■ **Data to use**
○ ○ ○ ○ ○
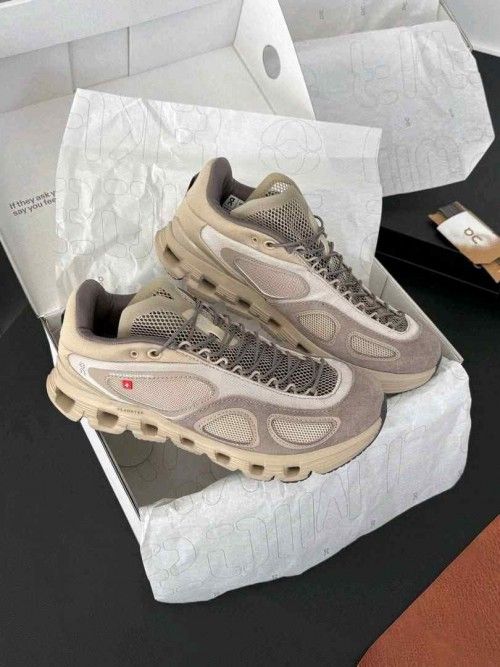 ON Cloud X FKA Twigs Desert Mesh 1116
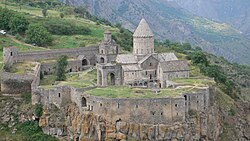 Манастир Татев, Јерменија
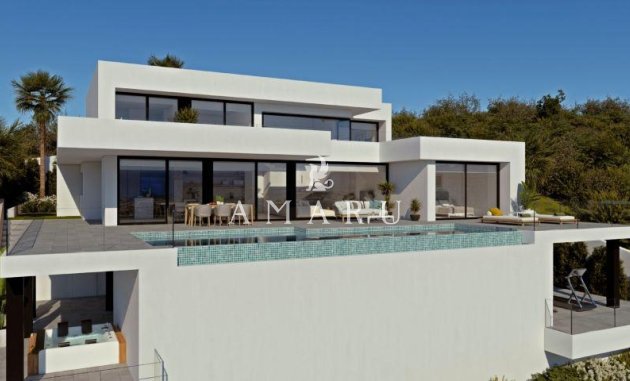 Nieuwbouw Woningen - Villa -
Benitachell - Cumbres Del Sol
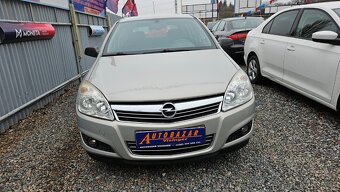 OPEL ASTRA 1,6 85kW Essentia - 2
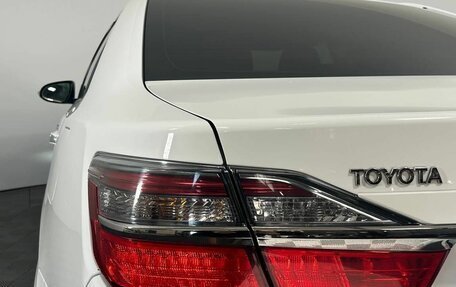 Toyota Camry, 2016 год, 1 850 000 рублей, 20 фотография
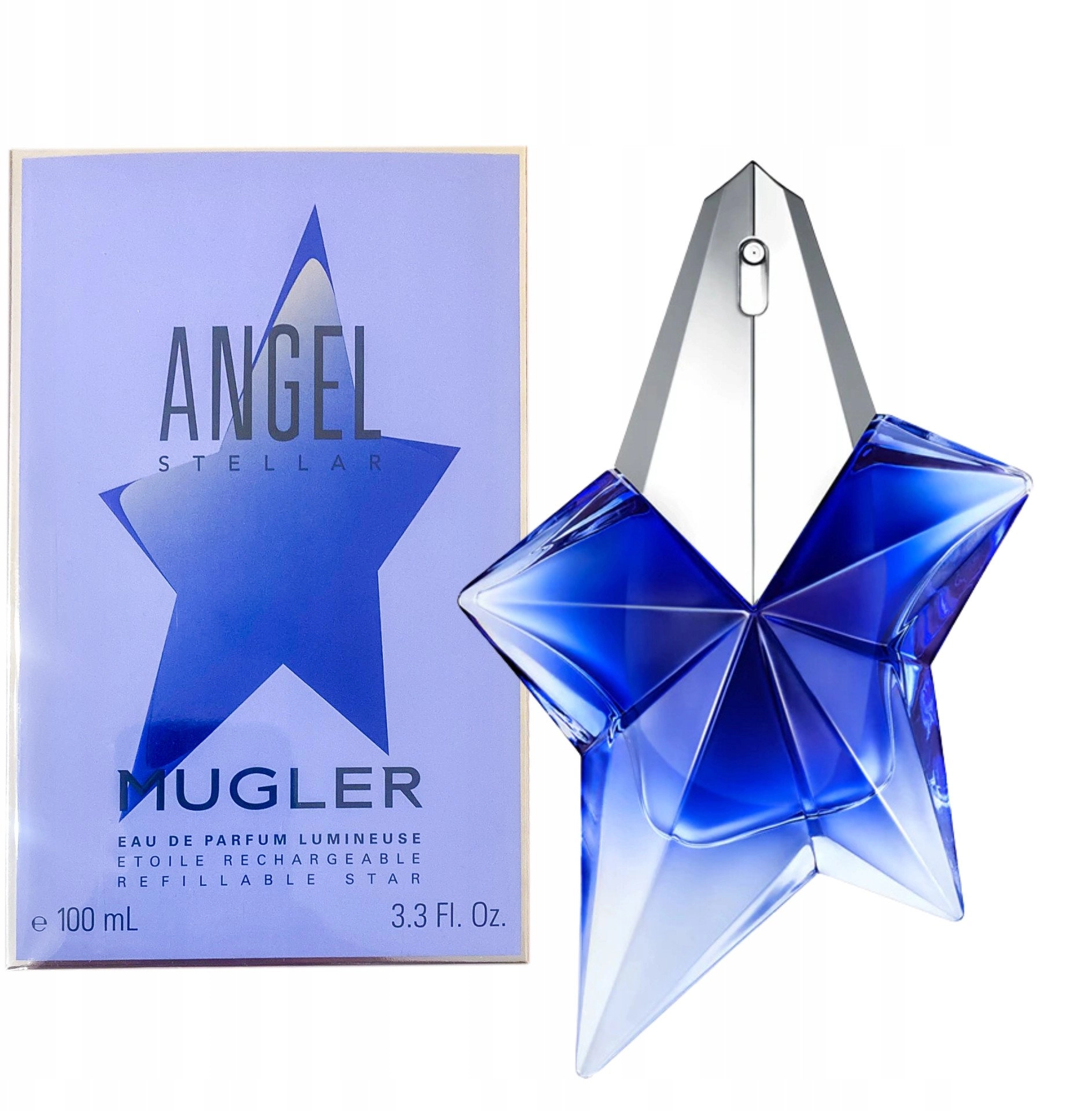 THIERRY MUGLER Angel Stellar EDP refillable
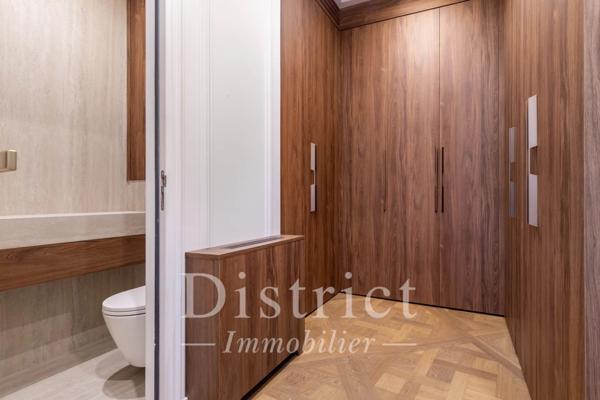 Appartement – 166m² – Paris 8ème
○ ○ ○ ○ ○
The expected output is each record, copied exactly, and nothing in place of the pictures.

 ON Cloud X FKA Twigs Desert Mesh 1116
 Манастир Татев, Јерменија
 Nieuwbouw Woningen - Villa -
Benitachell - Cumbres Del Sol
 OPEL ASTRA 1,6 85kW Essentia - 2
 Toyota Camry, 2016 год, 1 850 000 рублей, 20 фотография
 THIERRY MUGLER Angel Stellar EDP refillable
 Appartement – 166m² – Paris 8ème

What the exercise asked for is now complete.